Controversial plans for a care home in St Andrews have been knocked back again.
Fife Council’s North East Fife Planning Committee threw out CAF Properties’ proposal for a 38 bed care home at the White House in Hepburn Gardens on Wednesday.
Conservative councillor Dominic Nolan moved refusal on the grounds of the scale of the development, which said would be out of character with the surrounding conservation area.

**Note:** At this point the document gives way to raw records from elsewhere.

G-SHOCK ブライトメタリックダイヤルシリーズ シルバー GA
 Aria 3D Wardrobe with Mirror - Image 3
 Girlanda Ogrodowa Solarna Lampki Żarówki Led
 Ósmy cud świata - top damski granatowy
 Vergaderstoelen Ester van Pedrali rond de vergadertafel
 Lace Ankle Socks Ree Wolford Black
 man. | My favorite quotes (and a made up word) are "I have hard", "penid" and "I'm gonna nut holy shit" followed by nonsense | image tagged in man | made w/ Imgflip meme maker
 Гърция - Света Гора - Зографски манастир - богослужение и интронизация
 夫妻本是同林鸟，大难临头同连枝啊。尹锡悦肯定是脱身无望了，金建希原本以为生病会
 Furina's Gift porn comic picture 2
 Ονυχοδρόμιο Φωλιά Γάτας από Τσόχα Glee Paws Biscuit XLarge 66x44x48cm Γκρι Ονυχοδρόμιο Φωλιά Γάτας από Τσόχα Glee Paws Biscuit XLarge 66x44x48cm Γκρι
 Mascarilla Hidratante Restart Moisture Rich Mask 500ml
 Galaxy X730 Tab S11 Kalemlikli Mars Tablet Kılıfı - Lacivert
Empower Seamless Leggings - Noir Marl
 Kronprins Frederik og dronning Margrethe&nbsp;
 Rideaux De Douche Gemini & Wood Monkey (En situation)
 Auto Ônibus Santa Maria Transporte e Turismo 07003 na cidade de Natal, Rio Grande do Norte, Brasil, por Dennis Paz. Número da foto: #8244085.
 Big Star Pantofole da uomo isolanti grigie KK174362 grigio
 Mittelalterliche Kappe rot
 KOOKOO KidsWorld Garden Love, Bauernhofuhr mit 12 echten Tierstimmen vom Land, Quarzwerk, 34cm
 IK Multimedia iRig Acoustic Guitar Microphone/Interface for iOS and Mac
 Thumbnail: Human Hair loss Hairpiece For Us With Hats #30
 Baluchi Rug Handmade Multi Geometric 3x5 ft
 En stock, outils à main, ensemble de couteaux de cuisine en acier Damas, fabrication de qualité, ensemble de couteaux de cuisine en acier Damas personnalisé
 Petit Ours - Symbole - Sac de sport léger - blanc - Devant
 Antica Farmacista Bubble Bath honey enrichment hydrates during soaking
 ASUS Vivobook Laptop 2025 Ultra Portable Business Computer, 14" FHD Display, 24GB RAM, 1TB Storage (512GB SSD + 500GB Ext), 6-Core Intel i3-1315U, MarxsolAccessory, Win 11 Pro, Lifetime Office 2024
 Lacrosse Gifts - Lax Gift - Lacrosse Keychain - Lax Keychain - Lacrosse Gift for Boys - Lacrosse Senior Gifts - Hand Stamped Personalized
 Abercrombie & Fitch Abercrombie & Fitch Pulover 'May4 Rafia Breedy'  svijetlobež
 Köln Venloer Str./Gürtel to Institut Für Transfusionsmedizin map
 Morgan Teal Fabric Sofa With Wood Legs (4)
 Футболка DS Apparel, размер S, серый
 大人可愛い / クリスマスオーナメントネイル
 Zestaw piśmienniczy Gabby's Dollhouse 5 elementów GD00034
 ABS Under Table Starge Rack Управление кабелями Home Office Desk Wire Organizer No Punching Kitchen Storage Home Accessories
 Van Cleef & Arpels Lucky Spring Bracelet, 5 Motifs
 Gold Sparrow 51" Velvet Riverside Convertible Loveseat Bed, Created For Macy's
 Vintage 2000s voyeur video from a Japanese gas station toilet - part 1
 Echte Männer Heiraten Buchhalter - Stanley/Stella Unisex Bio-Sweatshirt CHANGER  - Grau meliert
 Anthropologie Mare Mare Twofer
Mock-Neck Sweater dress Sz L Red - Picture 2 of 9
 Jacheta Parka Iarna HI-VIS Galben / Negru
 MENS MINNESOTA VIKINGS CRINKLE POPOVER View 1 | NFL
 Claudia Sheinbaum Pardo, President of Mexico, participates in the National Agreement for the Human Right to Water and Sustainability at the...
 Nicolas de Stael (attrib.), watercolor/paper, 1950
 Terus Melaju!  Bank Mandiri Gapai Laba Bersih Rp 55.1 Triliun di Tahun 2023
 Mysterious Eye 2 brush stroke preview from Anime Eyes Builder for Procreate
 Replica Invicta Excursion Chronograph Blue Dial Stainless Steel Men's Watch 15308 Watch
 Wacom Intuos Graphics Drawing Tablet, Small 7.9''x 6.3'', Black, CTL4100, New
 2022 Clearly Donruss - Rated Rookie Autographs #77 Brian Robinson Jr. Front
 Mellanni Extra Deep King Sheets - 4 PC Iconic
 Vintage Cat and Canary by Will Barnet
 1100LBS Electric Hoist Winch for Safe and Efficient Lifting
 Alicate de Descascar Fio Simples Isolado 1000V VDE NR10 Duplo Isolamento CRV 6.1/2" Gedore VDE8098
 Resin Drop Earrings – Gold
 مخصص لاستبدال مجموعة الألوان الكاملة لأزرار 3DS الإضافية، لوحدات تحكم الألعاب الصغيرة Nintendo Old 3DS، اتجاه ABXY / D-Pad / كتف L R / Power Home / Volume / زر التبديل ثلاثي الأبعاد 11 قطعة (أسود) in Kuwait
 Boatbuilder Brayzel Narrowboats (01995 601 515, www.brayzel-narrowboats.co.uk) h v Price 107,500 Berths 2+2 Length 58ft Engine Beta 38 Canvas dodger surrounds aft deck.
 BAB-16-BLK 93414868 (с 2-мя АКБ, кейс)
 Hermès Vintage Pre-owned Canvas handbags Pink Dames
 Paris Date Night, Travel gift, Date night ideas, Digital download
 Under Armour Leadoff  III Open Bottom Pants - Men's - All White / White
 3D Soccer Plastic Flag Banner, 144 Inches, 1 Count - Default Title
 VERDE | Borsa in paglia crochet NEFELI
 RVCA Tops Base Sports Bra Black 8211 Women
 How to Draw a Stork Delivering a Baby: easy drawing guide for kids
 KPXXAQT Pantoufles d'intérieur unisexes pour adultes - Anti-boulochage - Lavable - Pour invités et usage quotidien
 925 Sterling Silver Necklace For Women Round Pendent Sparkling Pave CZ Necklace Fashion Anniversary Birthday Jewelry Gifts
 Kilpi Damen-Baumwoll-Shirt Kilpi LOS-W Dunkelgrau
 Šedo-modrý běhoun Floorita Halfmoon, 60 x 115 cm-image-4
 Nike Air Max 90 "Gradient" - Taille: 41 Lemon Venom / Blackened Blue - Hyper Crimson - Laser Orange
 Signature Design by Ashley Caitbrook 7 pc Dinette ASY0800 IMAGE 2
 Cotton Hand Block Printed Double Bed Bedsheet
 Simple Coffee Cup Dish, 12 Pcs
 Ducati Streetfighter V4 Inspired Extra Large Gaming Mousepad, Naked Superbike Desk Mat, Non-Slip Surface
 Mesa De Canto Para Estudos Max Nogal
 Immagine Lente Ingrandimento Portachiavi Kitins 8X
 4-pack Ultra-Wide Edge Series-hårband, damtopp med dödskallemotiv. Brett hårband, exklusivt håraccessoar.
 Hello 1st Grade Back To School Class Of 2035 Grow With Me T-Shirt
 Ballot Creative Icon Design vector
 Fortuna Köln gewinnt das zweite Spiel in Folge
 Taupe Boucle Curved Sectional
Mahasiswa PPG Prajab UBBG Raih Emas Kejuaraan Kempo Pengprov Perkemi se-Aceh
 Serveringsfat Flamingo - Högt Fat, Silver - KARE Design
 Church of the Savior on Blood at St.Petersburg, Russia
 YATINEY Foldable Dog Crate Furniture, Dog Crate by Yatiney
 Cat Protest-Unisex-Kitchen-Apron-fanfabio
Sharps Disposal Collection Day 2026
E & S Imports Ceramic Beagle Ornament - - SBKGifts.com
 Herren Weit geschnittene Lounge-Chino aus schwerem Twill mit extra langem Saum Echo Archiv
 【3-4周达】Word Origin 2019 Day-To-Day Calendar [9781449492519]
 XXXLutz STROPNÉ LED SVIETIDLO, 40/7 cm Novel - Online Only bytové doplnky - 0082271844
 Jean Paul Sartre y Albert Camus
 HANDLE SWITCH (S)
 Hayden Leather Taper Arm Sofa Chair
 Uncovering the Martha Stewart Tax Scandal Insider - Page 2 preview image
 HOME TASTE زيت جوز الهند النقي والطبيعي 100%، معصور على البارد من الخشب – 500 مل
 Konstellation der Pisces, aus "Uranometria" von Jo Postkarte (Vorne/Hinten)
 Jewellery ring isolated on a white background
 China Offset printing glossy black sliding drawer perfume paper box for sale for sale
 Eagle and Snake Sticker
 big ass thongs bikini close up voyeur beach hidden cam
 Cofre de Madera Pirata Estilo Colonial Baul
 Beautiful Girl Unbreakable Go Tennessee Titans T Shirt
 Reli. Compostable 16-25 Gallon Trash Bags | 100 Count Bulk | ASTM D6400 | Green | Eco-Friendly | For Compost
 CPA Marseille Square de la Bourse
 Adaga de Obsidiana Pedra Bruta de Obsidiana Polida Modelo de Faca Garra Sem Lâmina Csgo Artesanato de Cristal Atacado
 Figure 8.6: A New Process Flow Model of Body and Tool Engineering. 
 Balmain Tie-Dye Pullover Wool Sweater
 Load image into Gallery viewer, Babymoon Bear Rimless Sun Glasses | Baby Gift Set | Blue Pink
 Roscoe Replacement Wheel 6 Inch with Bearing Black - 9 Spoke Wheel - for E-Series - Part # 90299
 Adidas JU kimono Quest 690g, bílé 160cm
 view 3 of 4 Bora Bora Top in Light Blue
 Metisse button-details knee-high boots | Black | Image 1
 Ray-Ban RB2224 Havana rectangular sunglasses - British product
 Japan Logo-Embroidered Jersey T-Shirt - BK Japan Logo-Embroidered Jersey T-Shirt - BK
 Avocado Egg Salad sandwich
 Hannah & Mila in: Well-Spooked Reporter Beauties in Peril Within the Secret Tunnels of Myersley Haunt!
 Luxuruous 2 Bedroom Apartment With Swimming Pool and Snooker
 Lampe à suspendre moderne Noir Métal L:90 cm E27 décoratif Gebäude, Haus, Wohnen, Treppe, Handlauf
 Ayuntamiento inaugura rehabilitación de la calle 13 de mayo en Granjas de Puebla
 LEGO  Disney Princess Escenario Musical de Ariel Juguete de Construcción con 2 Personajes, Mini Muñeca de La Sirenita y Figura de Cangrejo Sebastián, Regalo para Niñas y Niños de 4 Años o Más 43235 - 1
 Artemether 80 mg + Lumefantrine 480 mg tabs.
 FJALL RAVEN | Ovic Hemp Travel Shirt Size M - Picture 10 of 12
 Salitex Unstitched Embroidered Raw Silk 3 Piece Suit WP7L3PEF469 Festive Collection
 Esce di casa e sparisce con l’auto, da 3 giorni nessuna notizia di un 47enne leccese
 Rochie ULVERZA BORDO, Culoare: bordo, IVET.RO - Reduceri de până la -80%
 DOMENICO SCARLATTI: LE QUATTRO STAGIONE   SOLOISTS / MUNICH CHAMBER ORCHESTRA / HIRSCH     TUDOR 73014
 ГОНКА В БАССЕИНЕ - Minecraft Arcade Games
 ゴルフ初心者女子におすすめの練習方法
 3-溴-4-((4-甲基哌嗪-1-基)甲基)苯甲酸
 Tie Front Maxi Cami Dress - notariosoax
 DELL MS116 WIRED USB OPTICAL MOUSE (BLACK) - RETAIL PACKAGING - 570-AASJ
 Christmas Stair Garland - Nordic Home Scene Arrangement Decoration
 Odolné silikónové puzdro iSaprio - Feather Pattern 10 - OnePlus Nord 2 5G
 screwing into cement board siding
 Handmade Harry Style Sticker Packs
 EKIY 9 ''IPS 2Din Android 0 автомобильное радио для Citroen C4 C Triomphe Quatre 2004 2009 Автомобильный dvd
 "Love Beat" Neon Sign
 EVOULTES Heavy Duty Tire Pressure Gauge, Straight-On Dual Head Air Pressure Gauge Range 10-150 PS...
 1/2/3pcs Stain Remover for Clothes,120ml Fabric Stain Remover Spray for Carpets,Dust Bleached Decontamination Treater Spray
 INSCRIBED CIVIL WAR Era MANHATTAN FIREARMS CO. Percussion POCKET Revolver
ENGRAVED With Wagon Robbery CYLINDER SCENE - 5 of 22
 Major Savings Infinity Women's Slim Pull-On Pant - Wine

He also raised the issue of noise impact.
The motion was seconded by Conservative councillor Tony Miklinksi and carried by eight votes to three.
It was the second time CAF Properties, who may appeal the committee’s decision, had made a bid to redevelop the 100-year-old arts and crafts building.
A previous planning application was refused by the committee in February and then thrown out again after CAF Properties took the matter to the Scottish Government’s Planning and Environmental Appeals Division.
The government reporter who handled the case cited “the scale and form of the development, its impact on the amenity of neighbouring residents, and its adverse effect on the character of the conservation area” as reasons for refusal.
The fresh plans discussed this week differed in layout, with the two proposed extension blocks arranged to form a central courtyard, a reduced footprint of around 750 square feet and the height of the new buildings reduced.
A six and a half foot acoustic barrier in the form of “acoustic green fencing” made of willow was also proposed to run alongside the drive and neighbouring properties to mitigate noise.
It had been hoped the care home would replace Gibson House in Argyle Street, which is considered no longer fit for purpose.
But Mr Nolan said although he appreciated the plans had been improved, it had not been enough to “allay his concerns”.
And Mr Miklinski said: “I came here with an open mind, to genuinely see how much had changed.
“As for the noise mitigation in this quiet residential area, it is almost impossible to convince residents, never mind councillors, that this is not something that will be significantly detrimental to their amenity.”
There had been 62 objections submitted in relation to the plans and 437 support statements.
Concerns were raised about the circumstances surrounding the submission of support statements.
It followed a claim by St Andrews Community Council that CAF Properties sent agents to the town centre and to knock on doors, to persuade people to sign the letters.
Conservative councillor Linda Holt said: “I realise that Fife Council may not by law be able to do anything about this but I think it’s important to put on record that as a councillor I am against such tactics.”
An amendment to approve the plan was raised by Lib Dem councillor Tim Brett and seconded by Jonny Tepp, of the Lib Dems.
Mr Brett said: “I appreciate that local residents are very unhappy with this, but for me I think this would be a satisfactory development.”